◆ **WHAT IS NEEDED**
Your output consists solely of the lines from the one that contains "Sesamstraße magazin für" to the end of the material, each reproduced exactly; pictures do not belong in it.

*** DATA TO USE

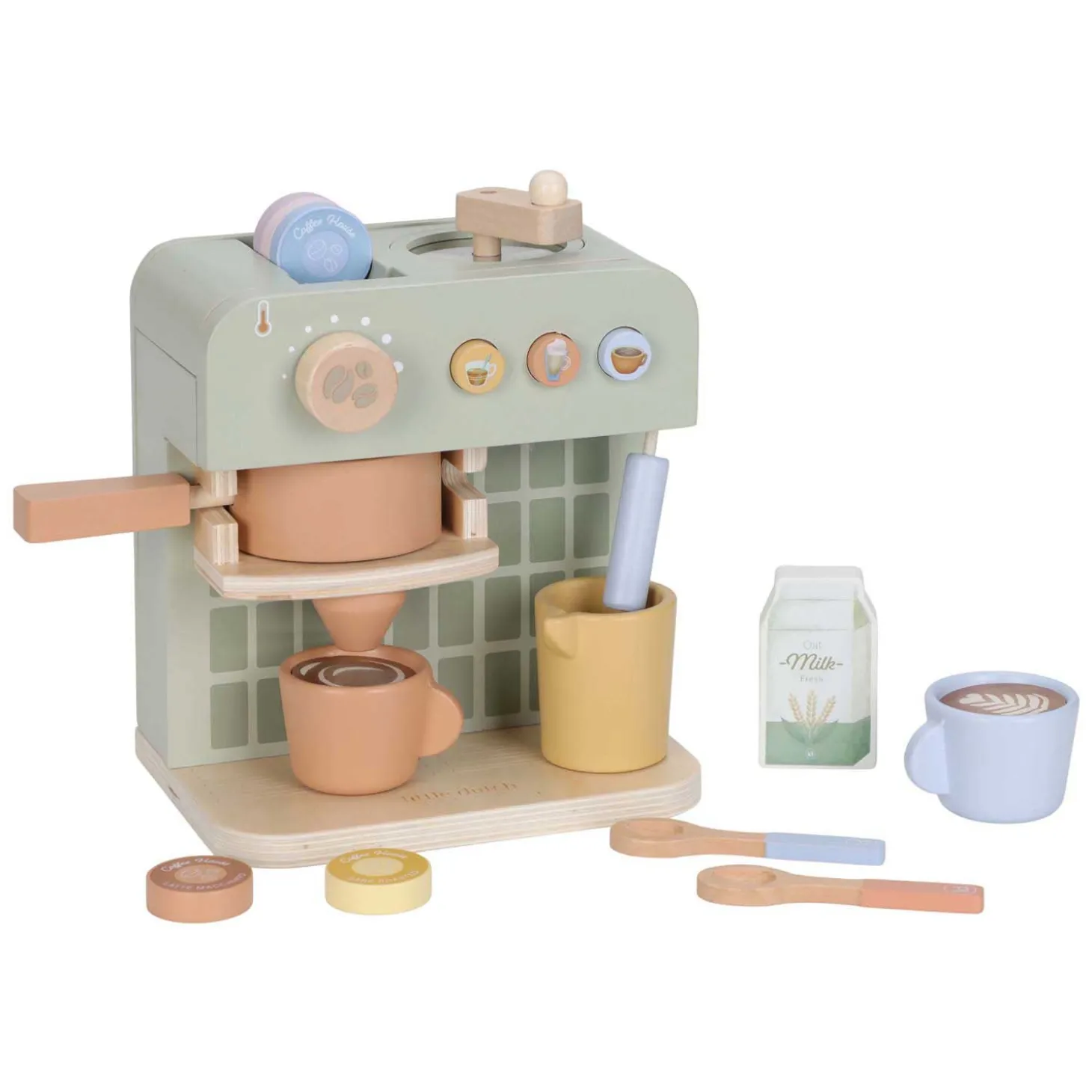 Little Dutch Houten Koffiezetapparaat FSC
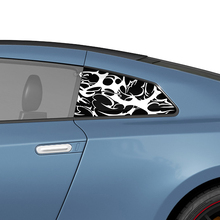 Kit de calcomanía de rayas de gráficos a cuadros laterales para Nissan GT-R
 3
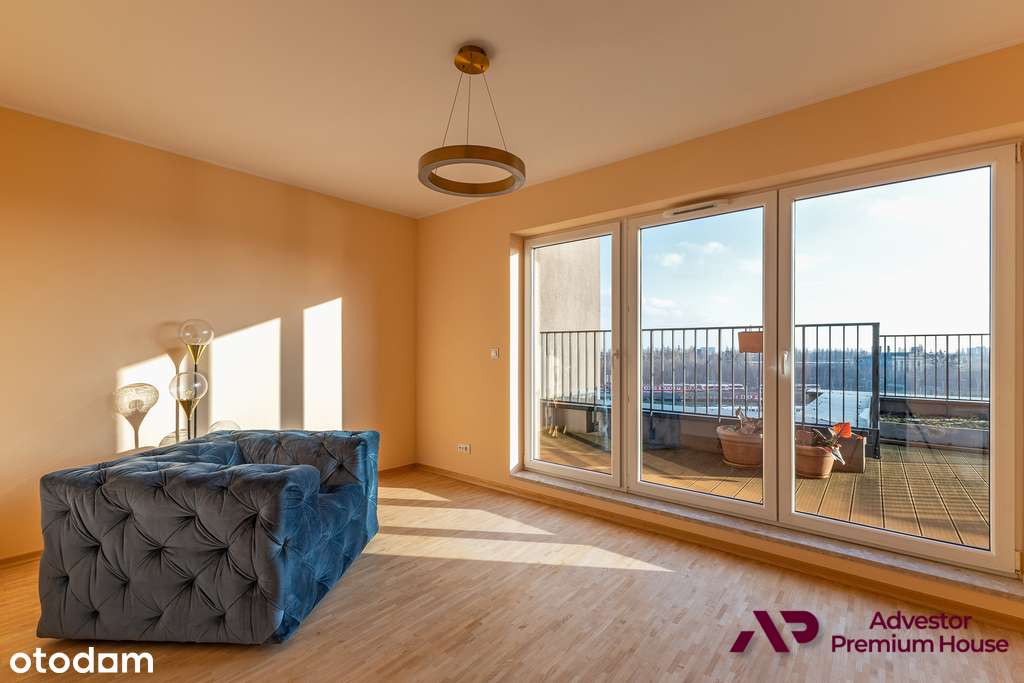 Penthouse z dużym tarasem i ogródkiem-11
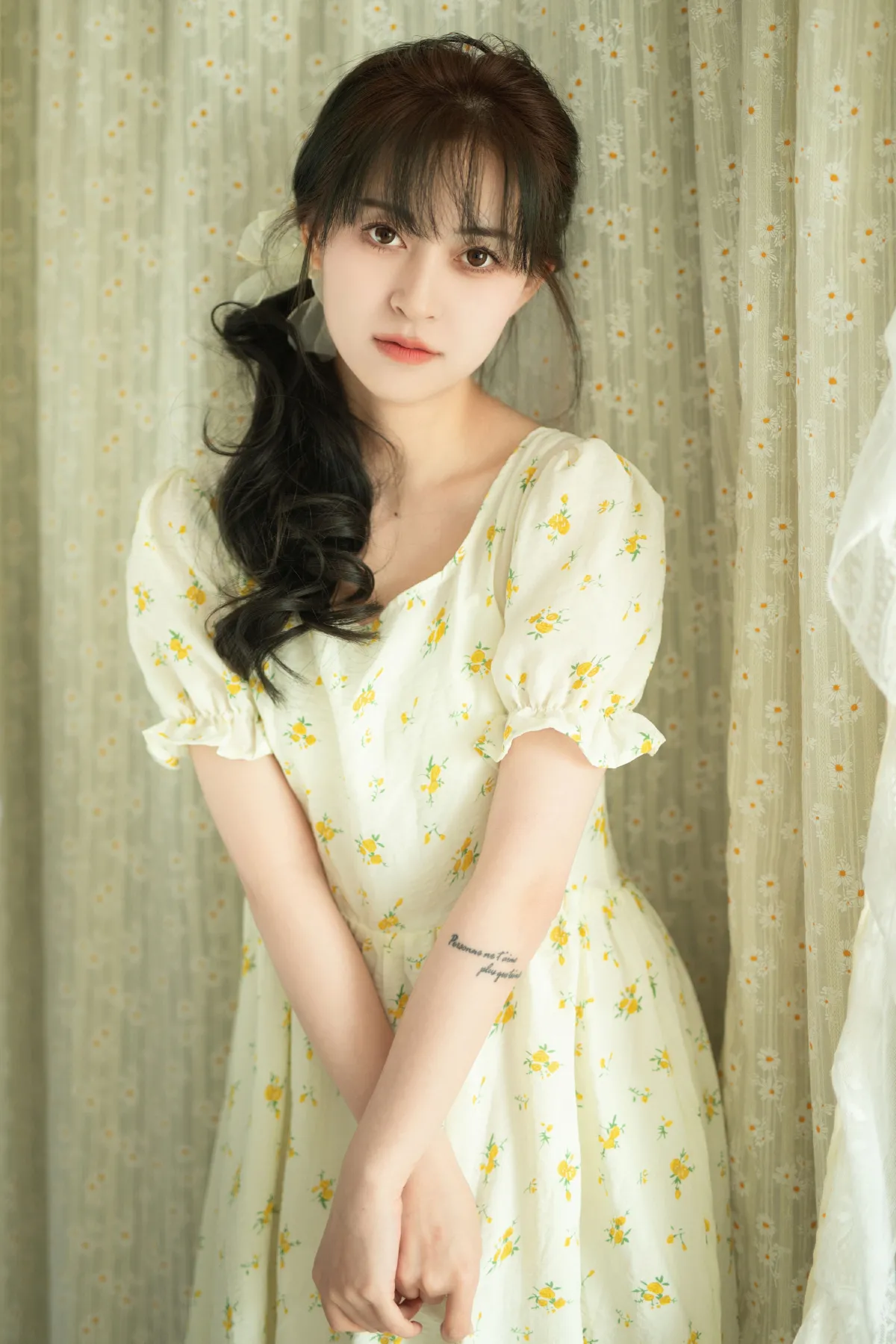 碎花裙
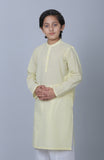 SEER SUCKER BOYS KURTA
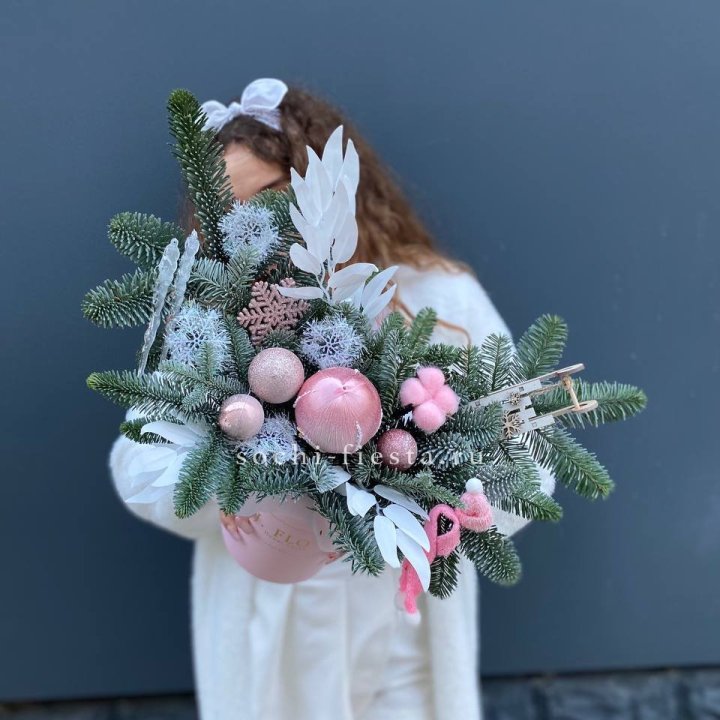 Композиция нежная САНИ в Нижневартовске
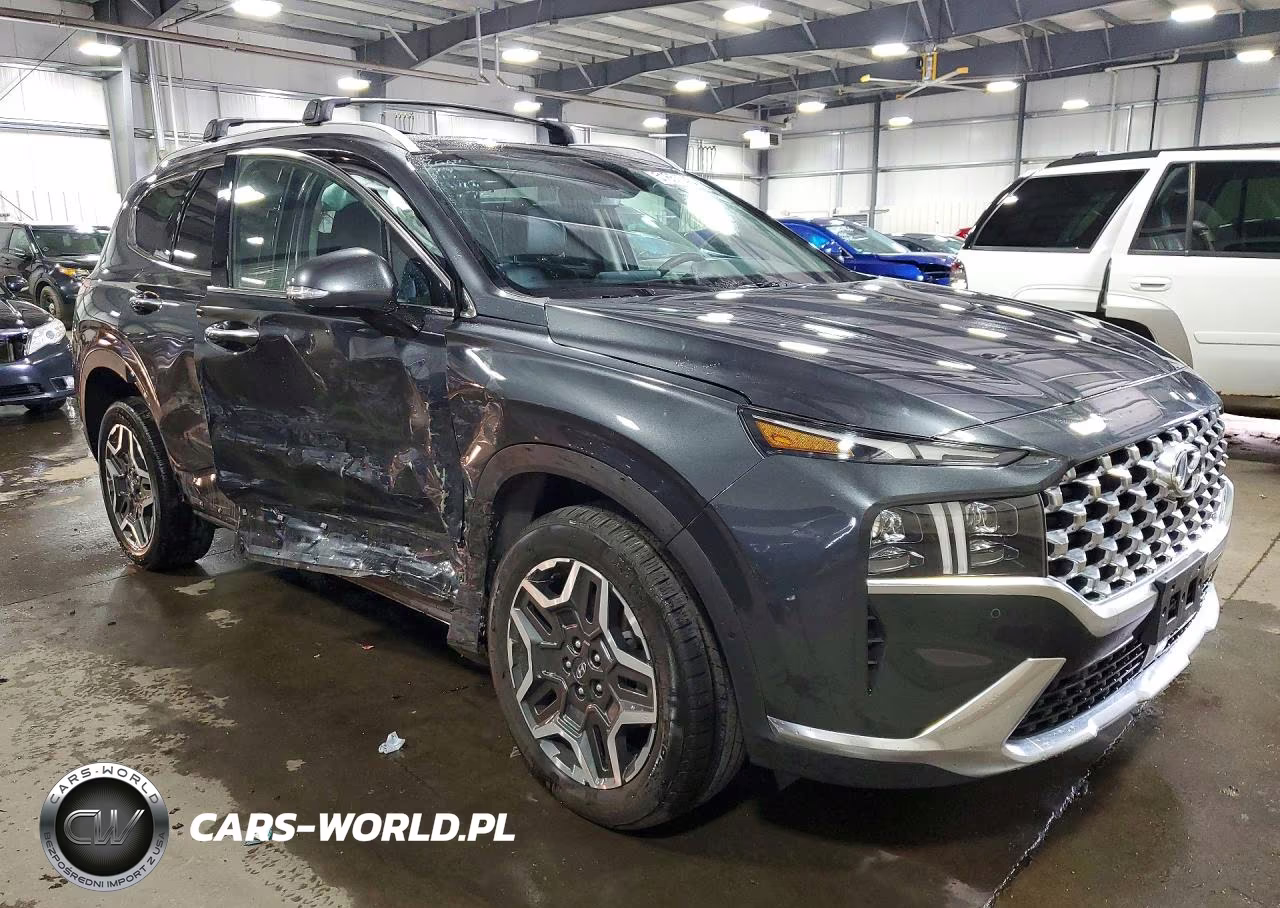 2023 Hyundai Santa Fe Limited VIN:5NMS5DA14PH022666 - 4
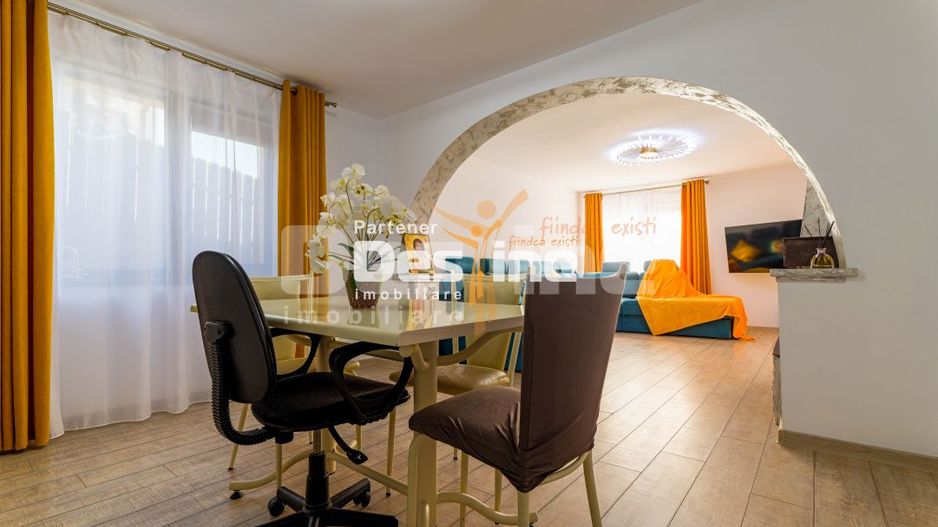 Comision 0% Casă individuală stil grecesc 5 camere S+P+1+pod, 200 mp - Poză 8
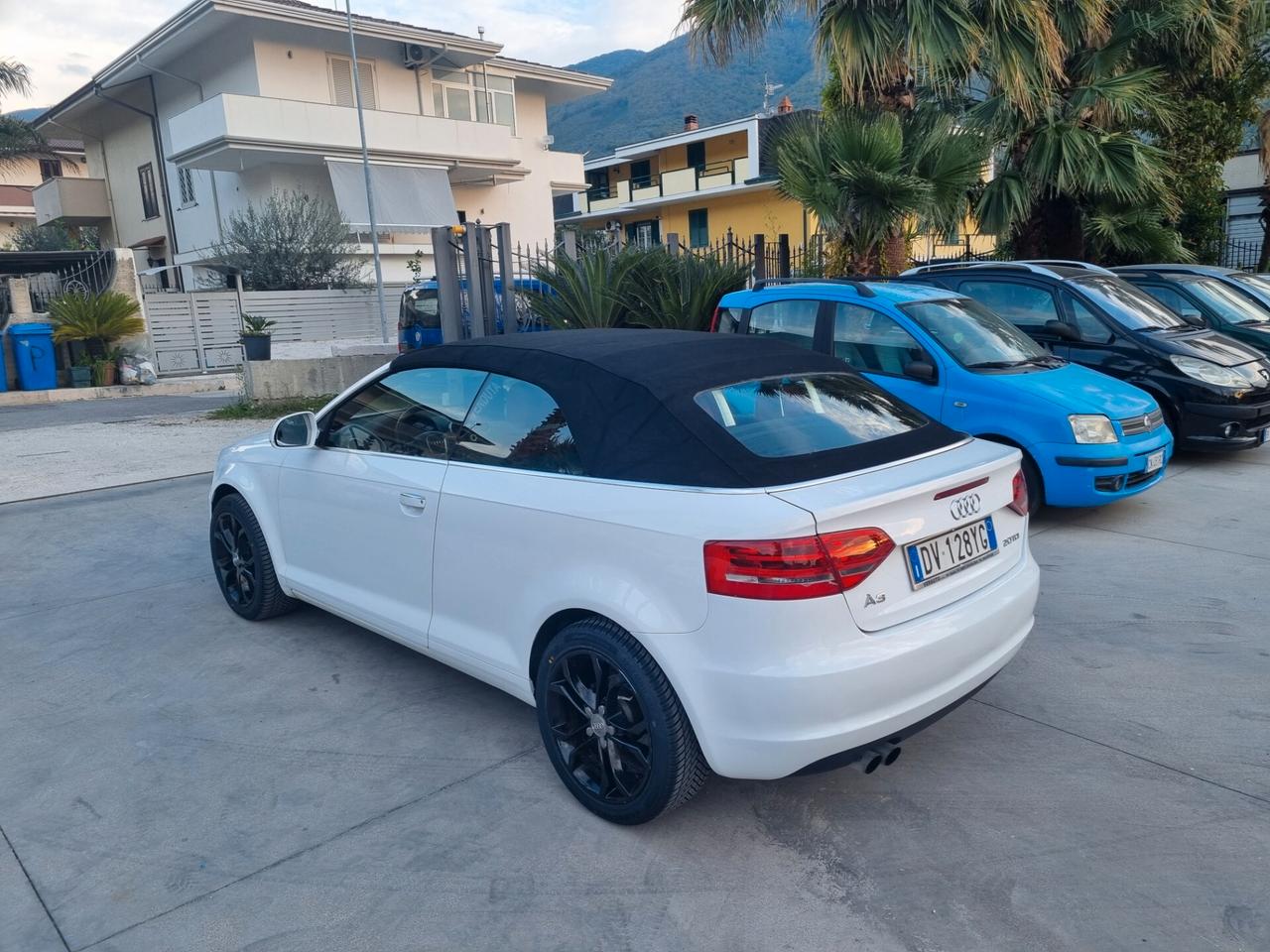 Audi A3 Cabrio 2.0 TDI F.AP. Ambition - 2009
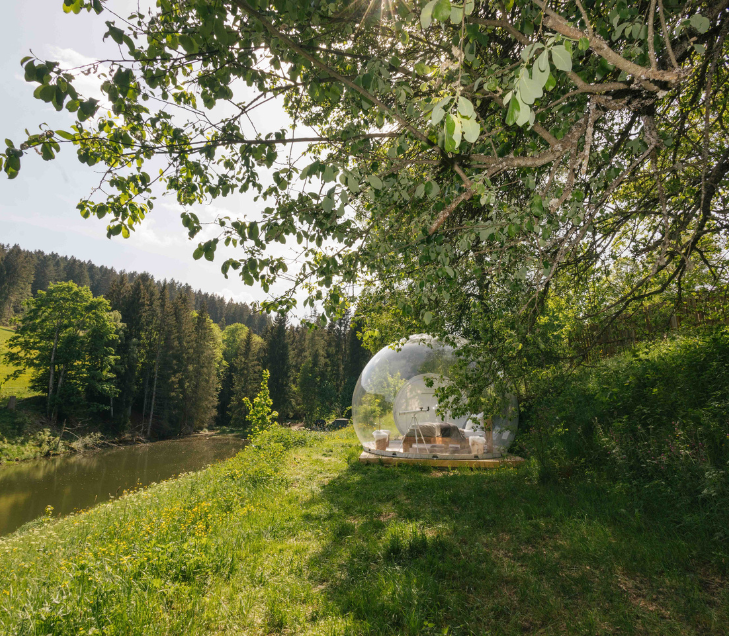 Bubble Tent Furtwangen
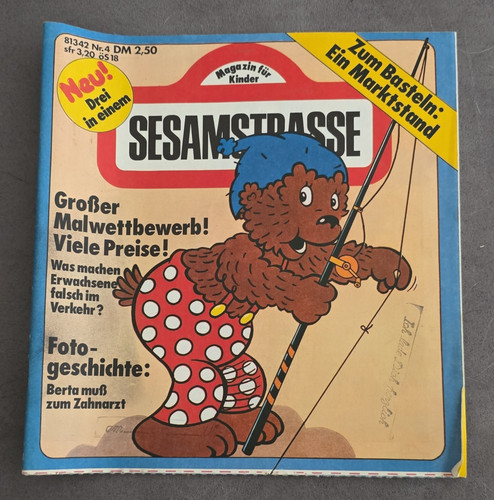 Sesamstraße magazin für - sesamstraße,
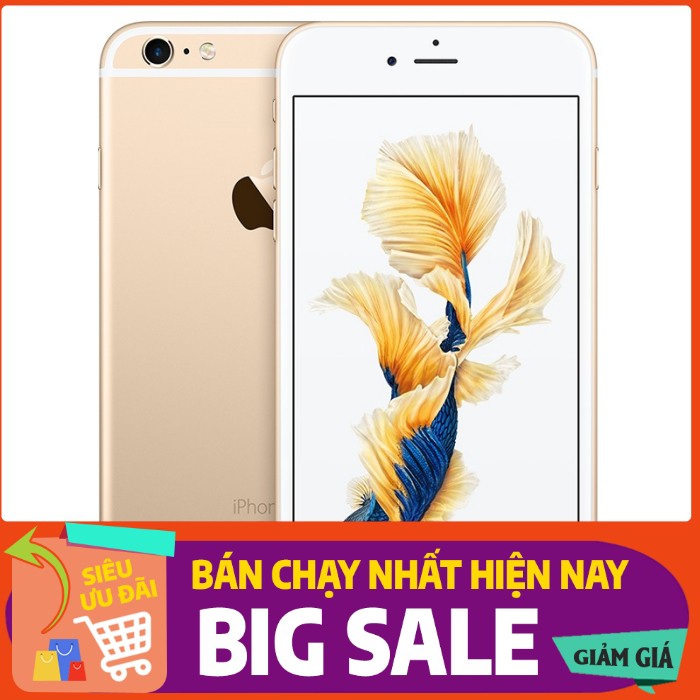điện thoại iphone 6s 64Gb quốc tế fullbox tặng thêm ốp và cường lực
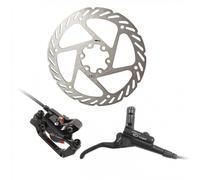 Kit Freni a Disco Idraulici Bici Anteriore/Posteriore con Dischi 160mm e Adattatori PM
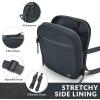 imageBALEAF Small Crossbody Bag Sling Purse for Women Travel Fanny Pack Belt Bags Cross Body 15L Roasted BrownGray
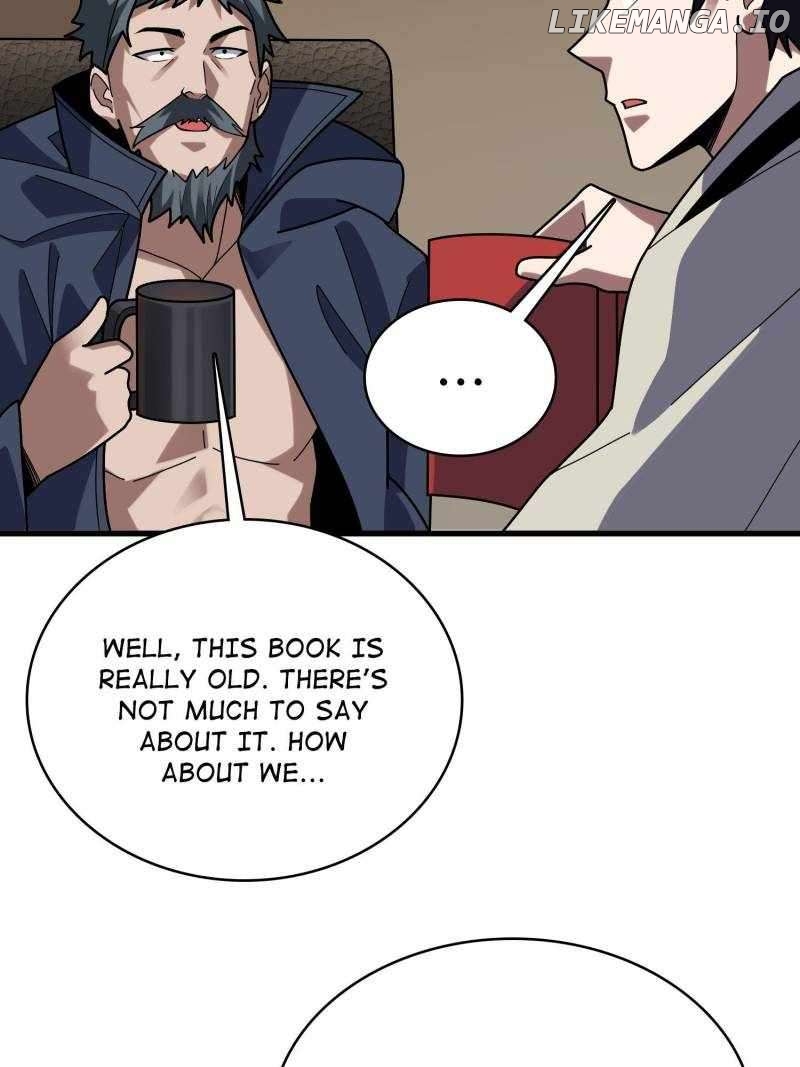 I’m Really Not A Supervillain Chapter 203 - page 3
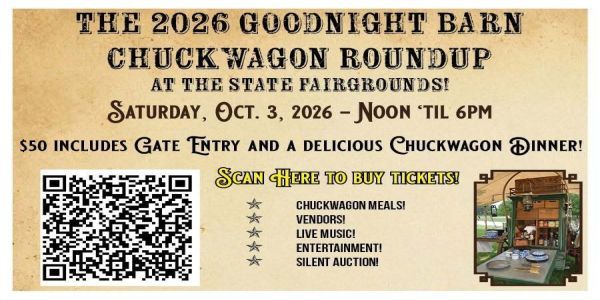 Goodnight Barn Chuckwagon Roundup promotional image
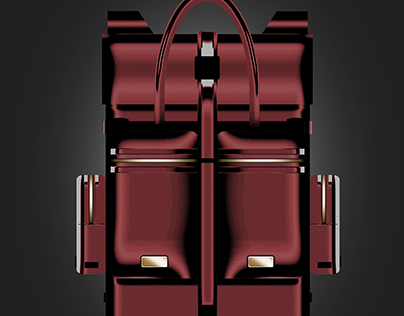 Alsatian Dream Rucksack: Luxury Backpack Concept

******

◆ **OUTPUT FOR THIS EXERCISE**
 Sesamstraße magazin für - sesamstraße,
điện thoại iphone 6s 64Gb quốc tế fullbox tặng thêm ốp và cường lực
 Kit Freni a Disco Idraulici Bici Anteriore/Posteriore con Dischi 160mm e Adattatori PM
 imageBALEAF Small Crossbody Bag Sling Purse for Women Travel Fanny Pack Belt Bags Cross Body 15L Roasted BrownGray
 I’m Really Not A Supervillain Chapter 203 - page 3
 Goodnight Barn Chuckwagon Roundup promotional image
 Alsatian Dream Rucksack: Luxury Backpack Concept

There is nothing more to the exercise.